After reading the original post I went ahead and bodged a version of the TD-lambda learning rule into the same javascript framework (technically a strictly on-greedy-policy version of Watkin's Q-lambda rule, so not strictly TD-lambda), and took a look at the results of that compared to the results of the original model.
Short version is that the Q-lambda rule learns a lot faster with the right parameters (a lambda of about 0.5 seems to do really well, and a but under still does ok) and performs abysmally with the wrong parameters (much over 0.5). The scoring is the same as in the original implementation (+1 for every frame of life, -1000 for death) so a score of -945 corresponds to just falling to your death, -730 corresponds to passing the first pipe, and then it's another 200 or so per pipe after that. I've only got 1 trial for each rule in the top plot, but a lambda of 0.5 reliably gets to well over 1000 pipes passed in under 150 games.
Below that are three plots showing a few different views of the learned Q function for different learning rules; top to bottom are: the original Q-learning with alpha=0.7, Q-lambda with lambda=0.5, and Q-lambda with lambda=0.7. The leftmost in each is the greedy policy; red means do nothing, green means click/jump, and black is 'nothing learned' and will default to 'do nothing'. Next is the difference in score between clicking and not clicking. Third is the score for 'clicks' in each state, and last is the score for 'do nothing' in each state. Important note: because of the way coordinates get stored, the bird actually moves from right to left across these (see the outline of the pipe on the left).
It's interesting to compare the Q-learning with Q-lambda; things that jumped out at me:
- they both sort of settle on the same general strategy (cruise just below the pipe edge, and then hop over it when you get close)
- the eligibility traces in the Q-lambda rule let it update values in a much broader space; it's actually managed to assign positive scores to 'do nothing' in a noticeably larger range above the lip of the pipe. The standard Q-learning can only back out one step at a time, so it ends up taking longer to fill out the space.
- The Q-learning has learned a lot more negative values for clicking than the Q-lambda (at least the 'good' Q-lambda one), especially right up against the lower pipe. The slow backout means that it gets itself into unwinnable positions a lot more readily, resulting in it getting a lot of experience about what not to do, that it then takes a while to learn from, since it can only back out one step from where it's most recently visited.
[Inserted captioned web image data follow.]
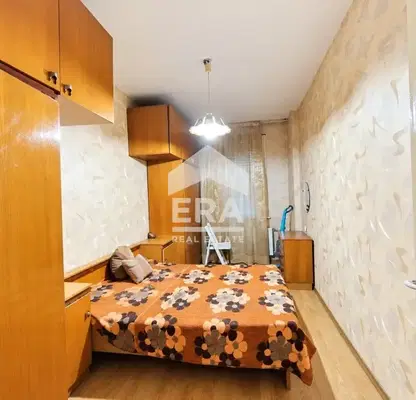 Photo 3 — Three-room apartment with parking space in the centre of Haskovo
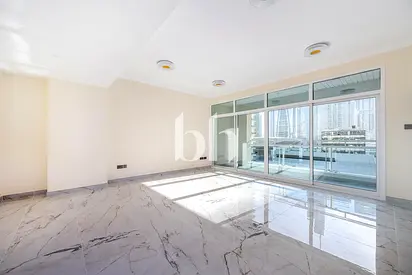 Upgraded | Large Layout | Low Floor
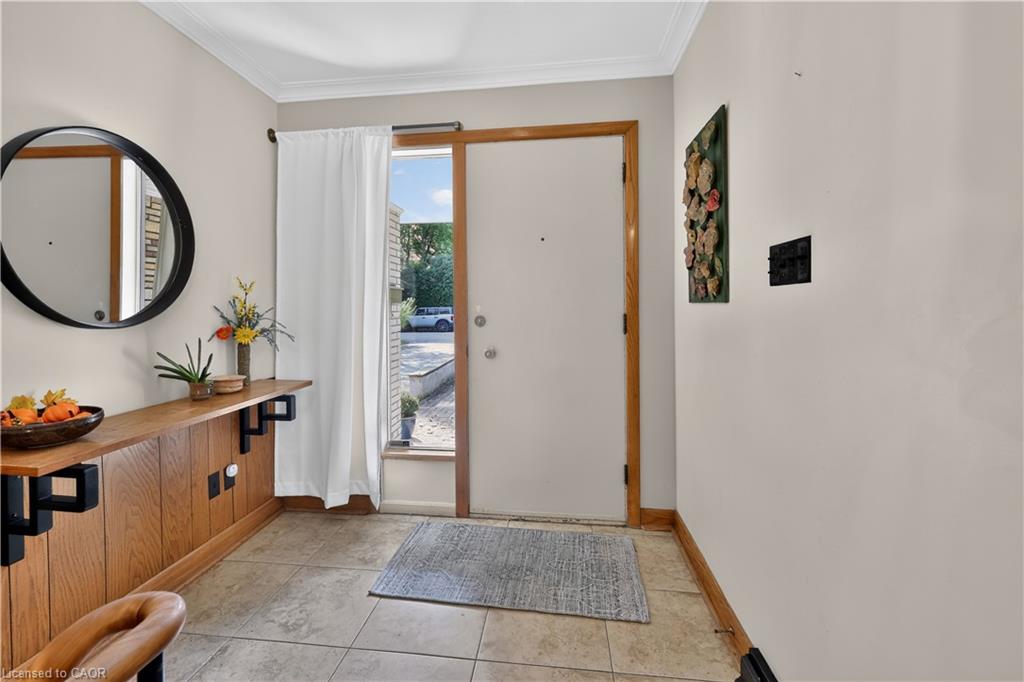 2086 Glenforest Crescent Property Photo 5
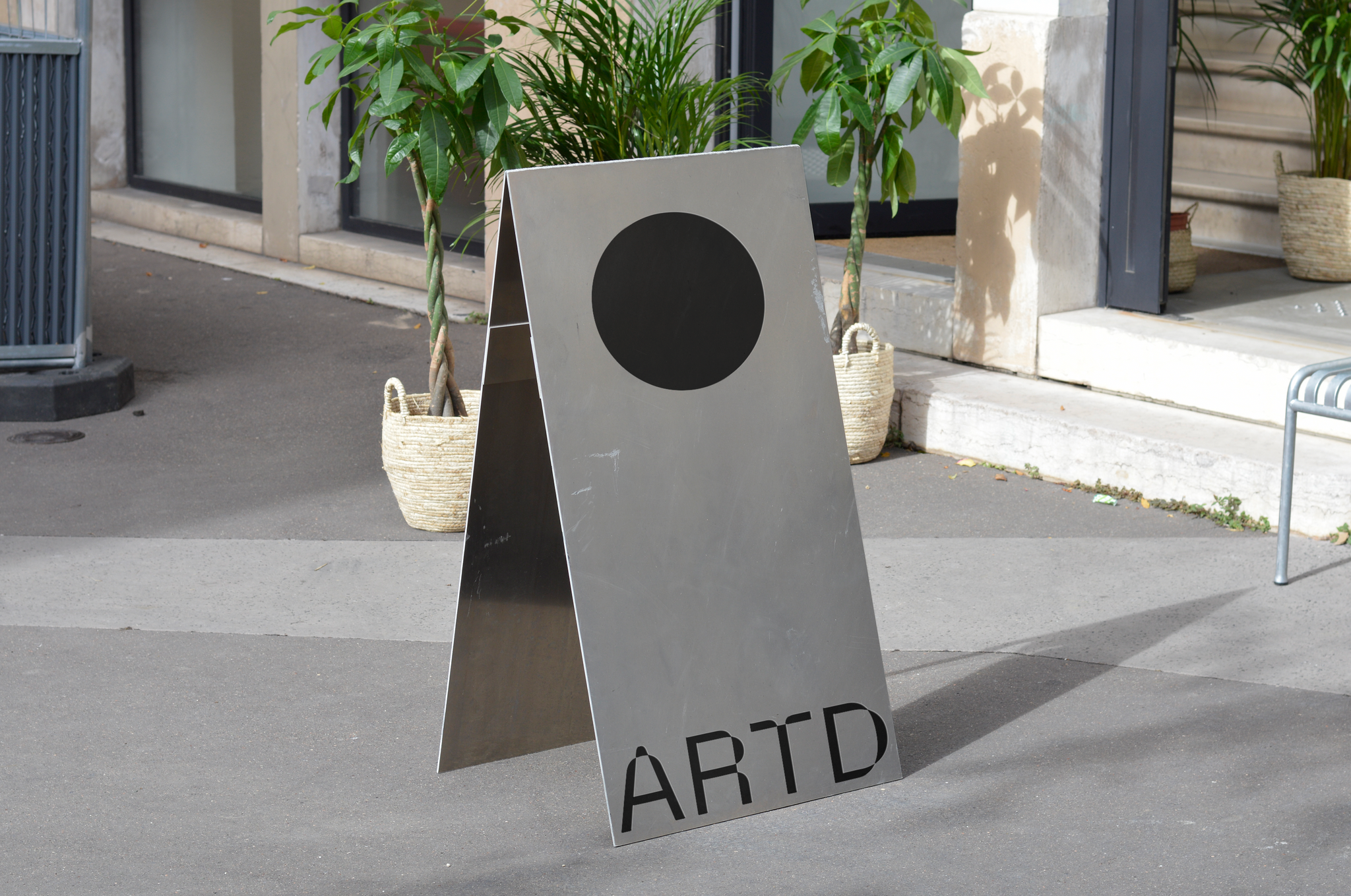 ARTD-C03MTL-Metallic A-Frame-001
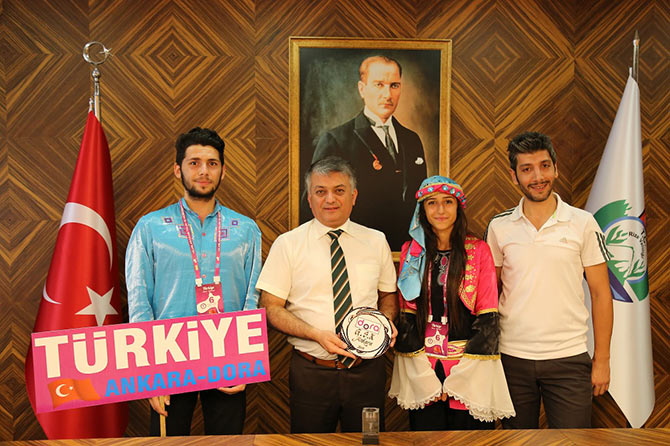 fest5-002.jpg fest5-002.jpg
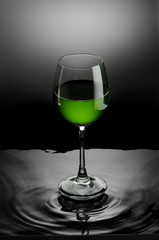 Grüner Wein im Glas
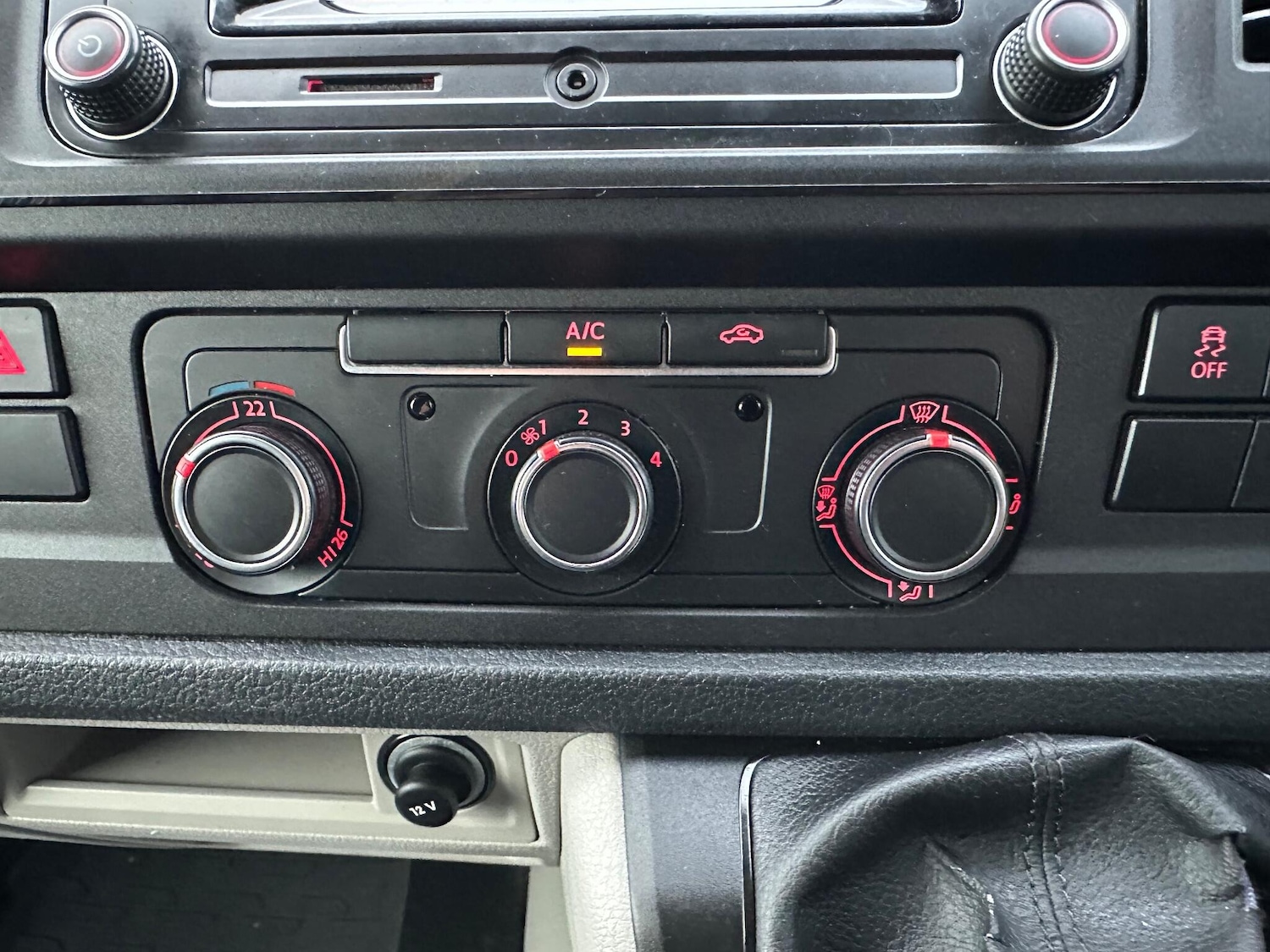 Used Volkswagen Transporter 2019 for sale - 76976255: Photo 10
The bottom-most plot I find curious; this shows the Q-function for lambda=0.7 in Q-lambda learning. When you run it, the bird crashes a few times, and then around the 10th or 11th game, suddenly decides that the top of the board is the best place to be, and never seems to learn to come down from there (I've run it for ~1000 games, and never had it get past the first pipe). Once in a long while it will decide to drop to its death, but it never seems to try clicking mid-drop. Looking at the plot, it's clearly learned that what it's doing isn't working, since the scores are all red in the two rightmost visualisations, and looking at the difference it seems like the scores are roughly balanced until it gets close to the pipe, but then for some reason it seems to think that clicking is on balance less negative than not clicking.
The high lambda may be making it "overthink" cause and effect, and so update traces that aren't actually relevant, perhaps? I'm still not satisfied with the answer.
At any rate, hope someone finds it interesting.